レベル・チャイルド

江野ふう

#01

 BB法――ブレイン・バックアップ法の対象上限年齢が30歳から25歳に引き下げられた。


 これにより、僕は25歳までに死ぬことになる。


 「死ぬ」と言えば語弊がある。

 正確に言えば、生身の肉体を失うことになる。

 僕の脳内データは25歳までにバックアップが取られ、AIによる自動学習が進められる。僕の脳データは、iPS細胞による再生可能な肉体へと移植され、再び蘇るのだ。

 こうして「僕」という人間は、AIが余程のエラーを起こさない限り半永久的に生き、老いることもなく働き続ける。






 朝、教室に入ろうとした時だった。

 

 ドゴォォォォォォォン


 派手な爆発音がした。パリンパリンとガラスが割れる高い音がする。

 後ろを振り返った僕に襲いかかるのは、瓦礫混じりの爆風――


 腕で頭をかばう直前、ベージュ色した爆煙の向こうには黒い影が見えたような気がした。
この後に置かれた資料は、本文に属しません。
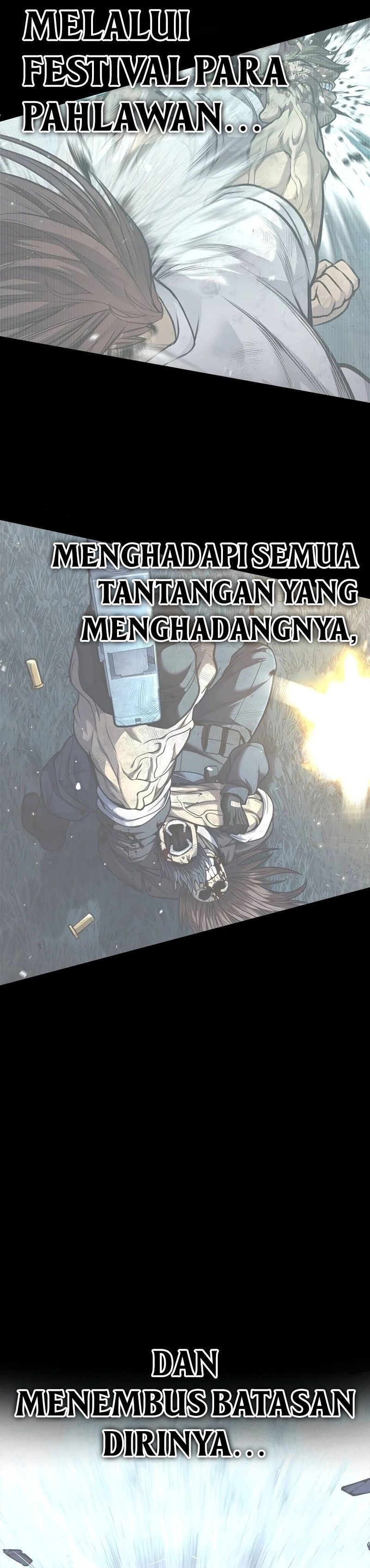 Festival Of Warriors Chapter 11 Bahasa Indonesia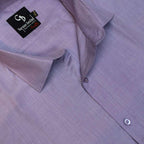 MAUVE BUSINESS SHIRT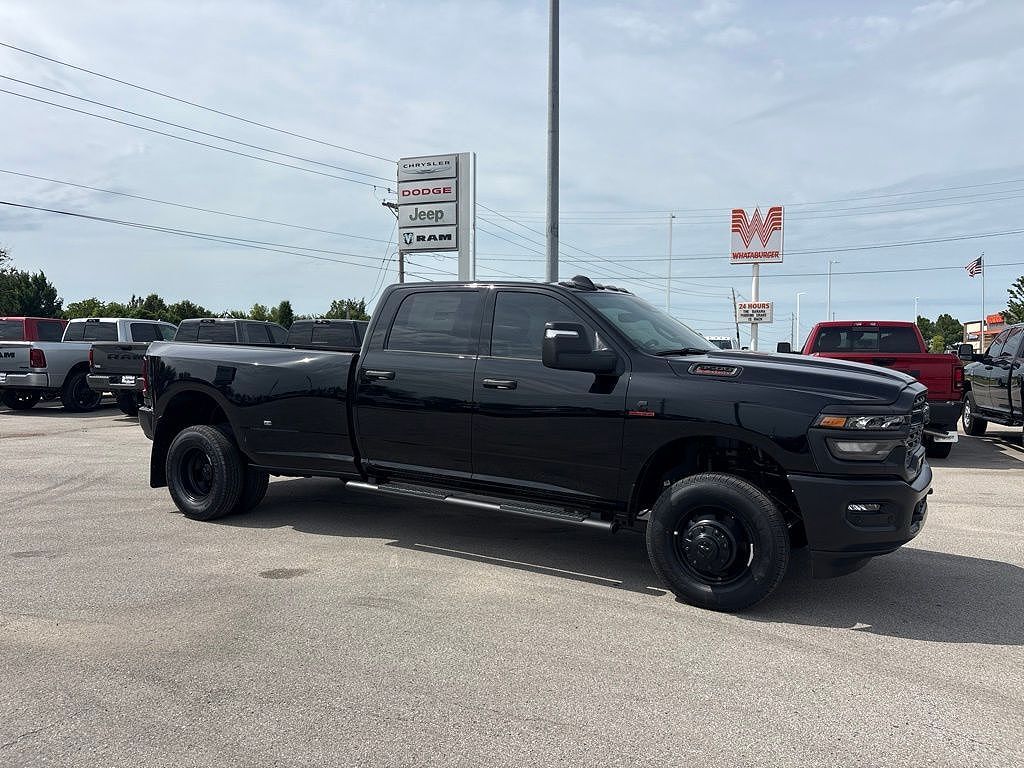 2026 RAM 3500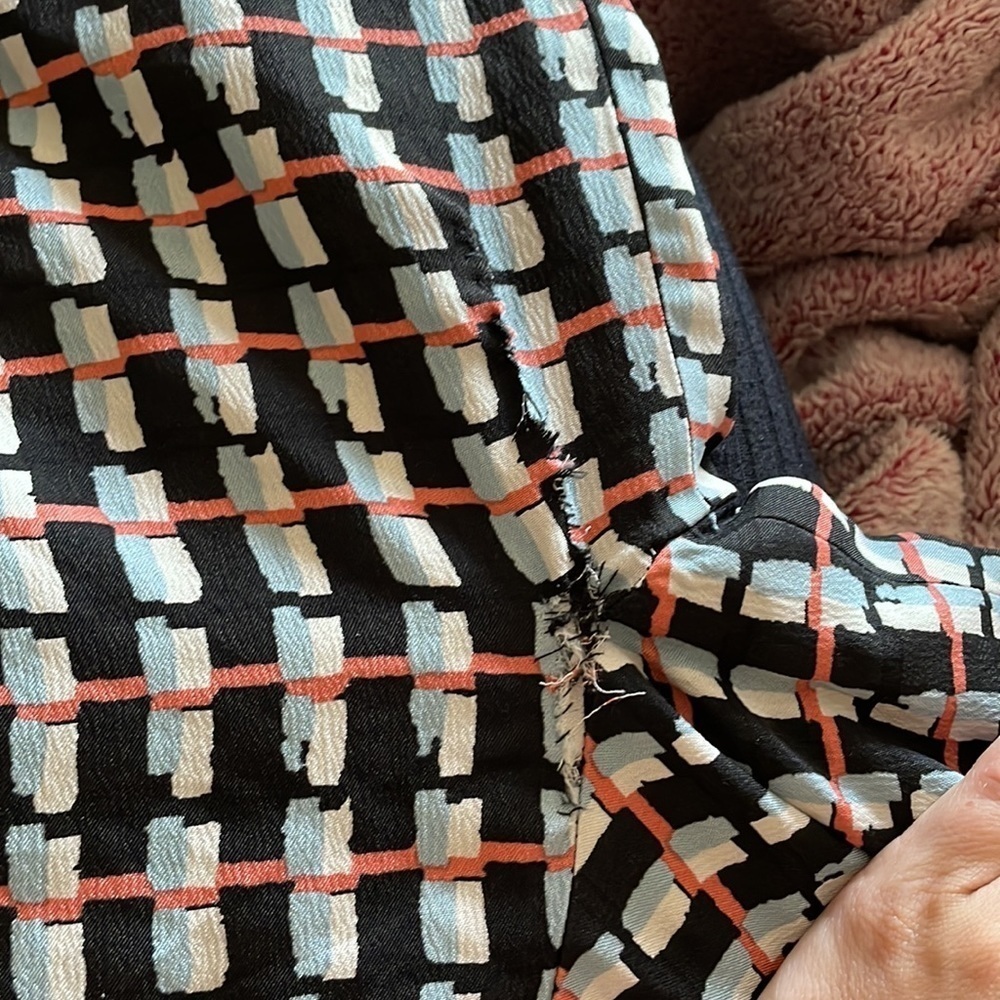Marni Mod Check Shift - Picture 5 of 10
 それから、ブゥゥゥゥゥンという大きなエンジン音。段々と大きくなる。


「オーケ!」


 知らない女性が僕の名前を呼ぶ声がした。

 呼ばれた方を見たかったが猛烈な風――どこか燃えているのかも知れない。熱風から身を守るのがやっとだ。目を開けることはできない。


「オーケ・イェルハン!逃げて!!!」


「え……」


 頭上にパラパラと砂利が落ちる。思わず見上げるとヒビの入った天井が落ちようとしているのが見えた。

 

 ――逃げなきゃ……


 足がすくむ。


 ――下敷きになる!!!


 と思って閉じた瞬間、瓦礫は僕の頭上で爆発した。細かくなった石が降ってくるのを避けなければならない。


「お前がオーケか!?」


 今度は男の声がした。

 バイクに立ち乗りしていたその男は、両手で構えていたバズーカ砲をぐるんと回すと素早く背中に戻して、ハンドルを握り目一杯加速した。

 エンジン音が轟く。


「乗れ!!!」


 叫ぶよりも早く、バイクの男は、僕の腰を右腕で抱えていた。


 バイクは廊下を出て学校の外を走り出している。


「ロジオン!オーケを離しなさい!!!離さなければ――」


 疾走するバイクの後ろから、女性の声が聞こえる。

 「離さなければ」の後は聞こえなかった。代わりに、ロジオンと呼ばれた男が僕の後頭部の上で毒づく。


「離せって言われて離すかよ……」


 ガオンという金属音がした。

 同時に、ロジオンが右側に体重をかけた。僕の背中は地面すれすれのところで支えられている。

 弾丸がロジオンの左側頭部をかすめていった。


「ジルの攻撃は昔からワンパターンなんだよねぇ」


 ロジオンが、僕の身体からだを抱え直し、器用に体勢を立て直す。


「ま、前!!!!!」


 僕は思わず叫んだ。

 さっきジルと呼ばれた女性が放った弾丸が街路にはみ出した大きな木の枝を折ったのだ。枝がバイクの進行を遮る。

 僕を抱えているロジオンにはさっきみたいにバズーカ砲を構えて吹き飛ばす余裕はない。


「チッ」


 ロジオンは舌打ちながら全速力で道路を塞ぐ太枝にバイクで突っ込んだ。

 僕らはバイクごと前につんのめって宙を舞った。


 空が青い。


 宙を舞いながら、ロジオンが両腕で僕を抱きかかえた。

 僕らは道路に投げ出され、ごろごろと10メートルほど転がった。